*Instructions to follow:*
In the listing below, find the line with "Desi Maya69 online" and the line with "Radio Birdman New", then return them and every line between them exactly, minus the pictures.

*Information:*
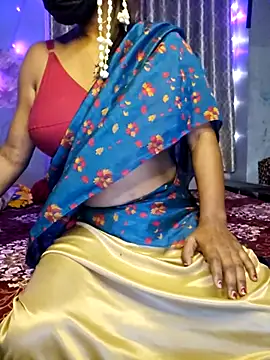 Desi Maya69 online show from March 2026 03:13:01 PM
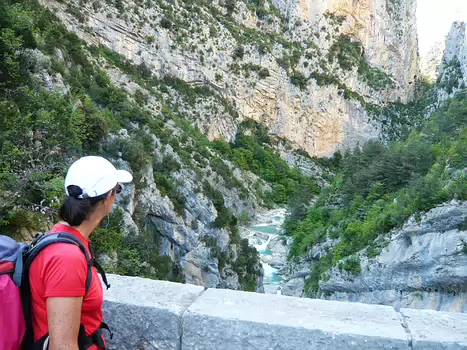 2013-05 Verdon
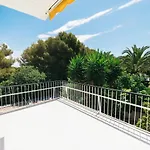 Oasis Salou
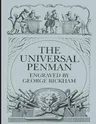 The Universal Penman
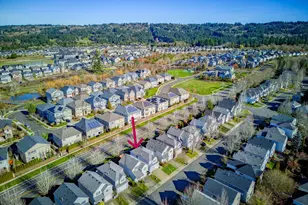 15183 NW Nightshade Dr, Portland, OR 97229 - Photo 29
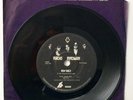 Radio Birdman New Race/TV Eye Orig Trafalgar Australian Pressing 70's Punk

--

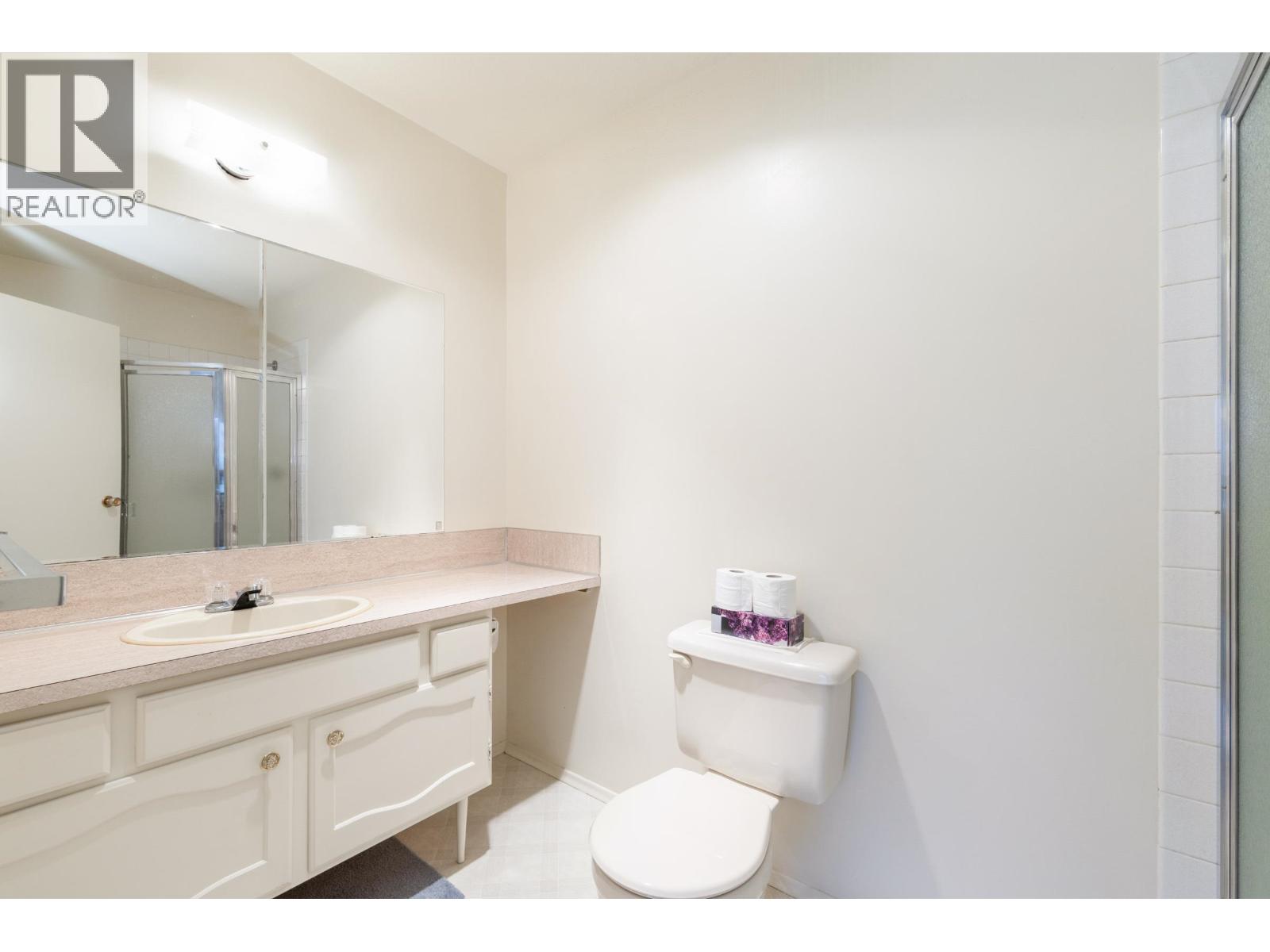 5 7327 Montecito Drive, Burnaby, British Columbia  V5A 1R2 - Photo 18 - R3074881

*Answer below:*
 Desi Maya69 online show from March 2026 03:13:01 PM
 2013-05 Verdon
 Oasis Salou
 The Universal Penman
 15183 NW Nightshade Dr, Portland, OR 97229 - Photo 29
 Radio Birdman New Race/TV Eye Orig Trafalgar Australian Pressing 70's Punk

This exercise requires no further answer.